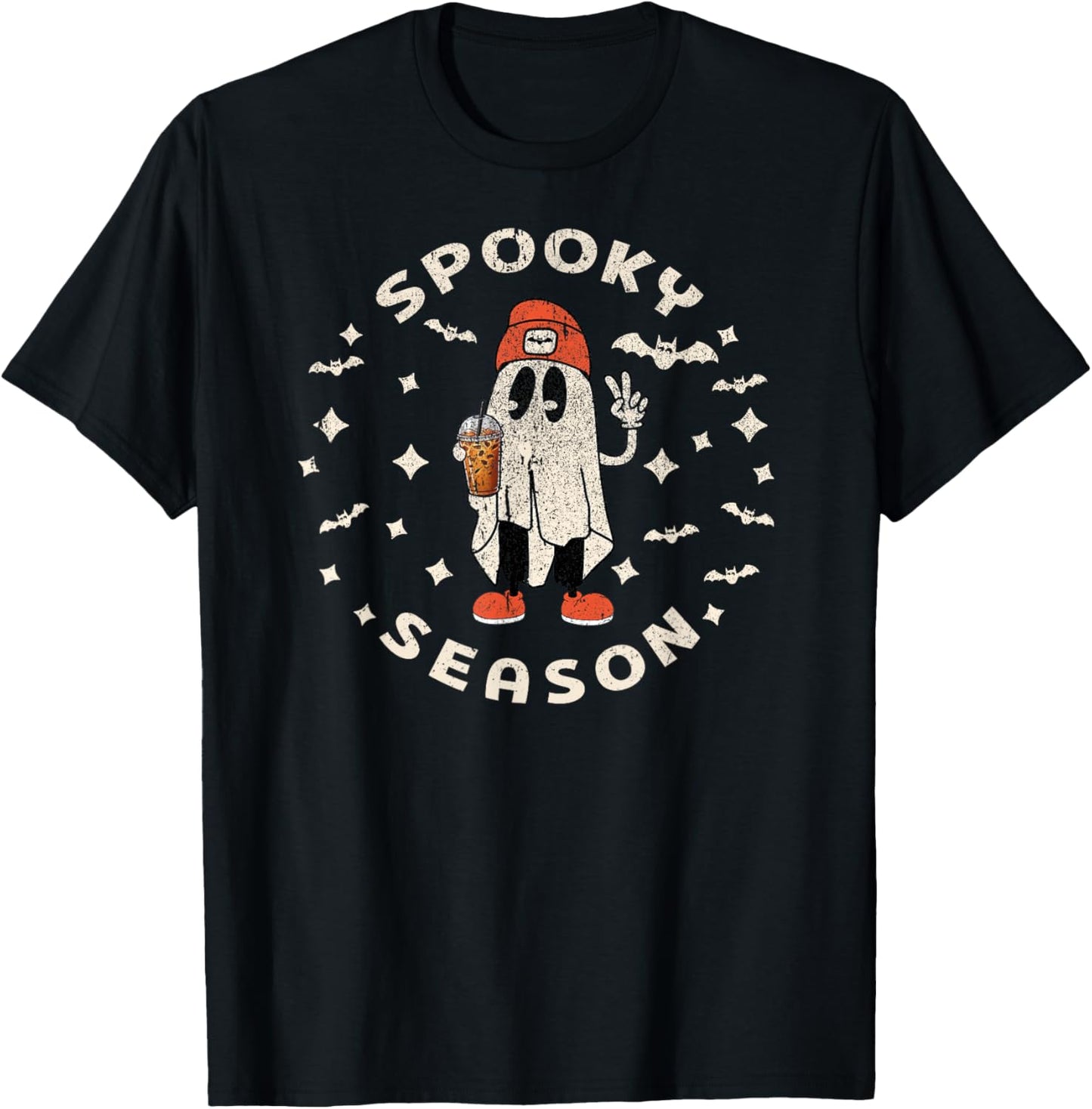 Halloween Spooky Season Ghost Coffee Fall Retro Vintage Cute T-Shirt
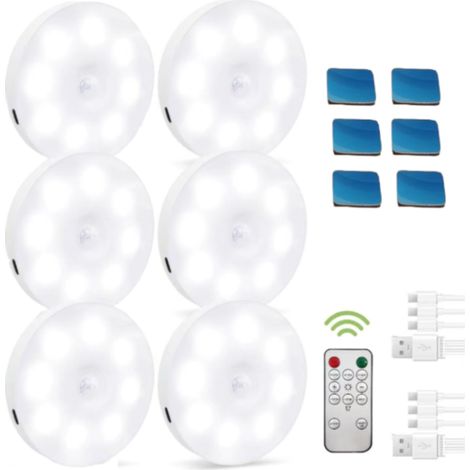 Luces LED inalámbricas con sensor de movimiento, recargables mediante USB, con mando a distancia (para estantes, armarios, cocinas).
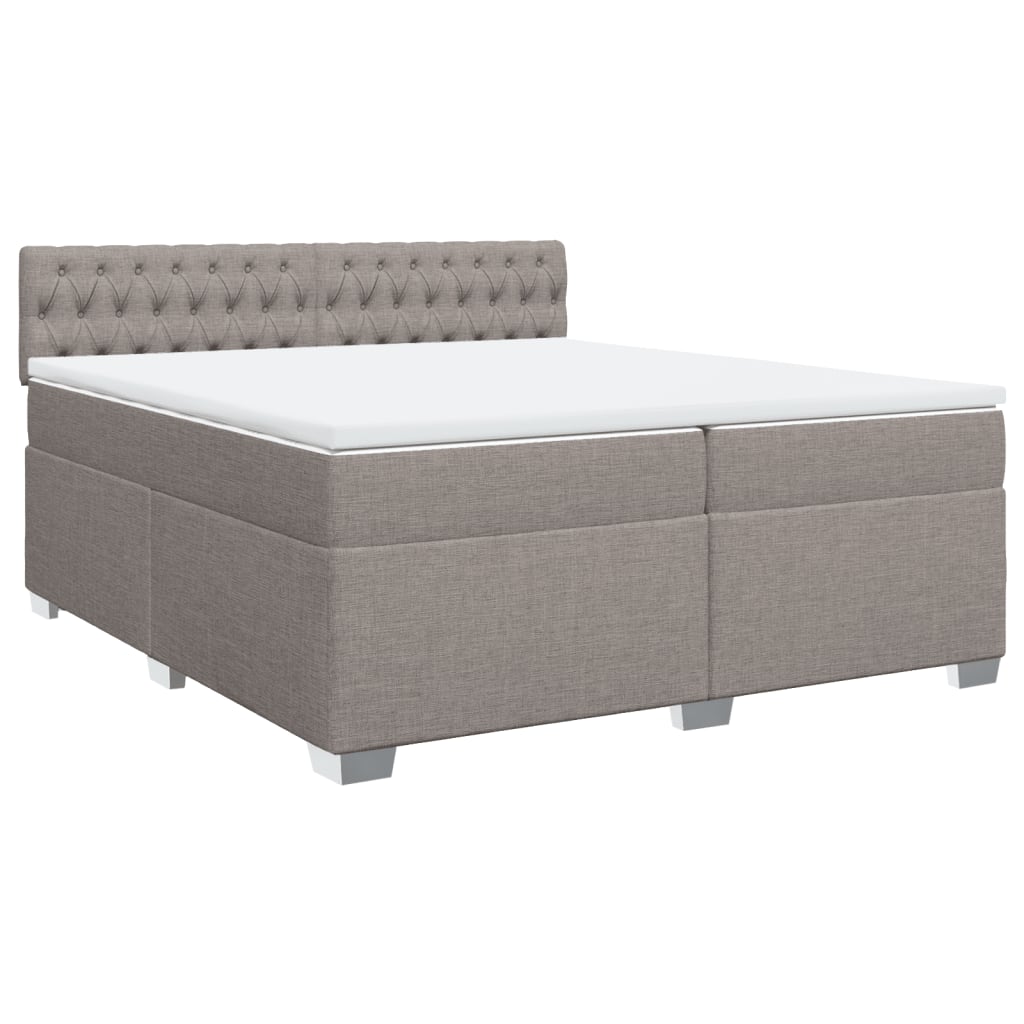 vidaXL Boxspring met matras stof taupe 200x200 cm, foto 3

## Instructions for the task
Reproduce the data above line for line, excluding every picture.

## Answer to this problem
 Halloween Spooky Season Ghost Coffee Fall Retro Vintage Cute T-Shirt
 Luces LED inalámbricas con sensor de movimiento, recargables mediante USB, con mando a distancia (para estantes, armarios, cocinas).
 vidaXL Boxspring met matras stof taupe 200x200 cm, foto 3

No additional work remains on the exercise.